▸ SOURCE MATERIAL
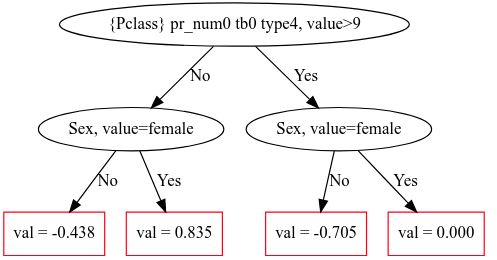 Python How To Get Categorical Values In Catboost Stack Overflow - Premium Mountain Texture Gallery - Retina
---
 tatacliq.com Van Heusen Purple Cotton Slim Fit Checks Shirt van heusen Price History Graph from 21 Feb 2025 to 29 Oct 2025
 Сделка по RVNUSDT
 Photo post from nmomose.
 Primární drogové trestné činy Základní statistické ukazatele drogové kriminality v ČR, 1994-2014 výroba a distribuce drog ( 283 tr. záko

▸ WORK TASK
In the listing above, find the line with "tatacliq.com Van Heusen" and the line with "Primární drogové trestné", then print exactly those two lines and every line between them, and nothing more.

▸ RESPONSE TO THIS TASK
 tatacliq.com Van Heusen Purple Cotton Slim Fit Checks Shirt van heusen Price History Graph from 21 Feb 2025 to 29 Oct 2025
 Сделка по RVNUSDT
 Photo post from nmomose.
 Primární drogové trestné činy Základní statistické ukazatele drogové kriminality v ČR, 1994-2014 výroba a distribuce drog ( 283 tr. záko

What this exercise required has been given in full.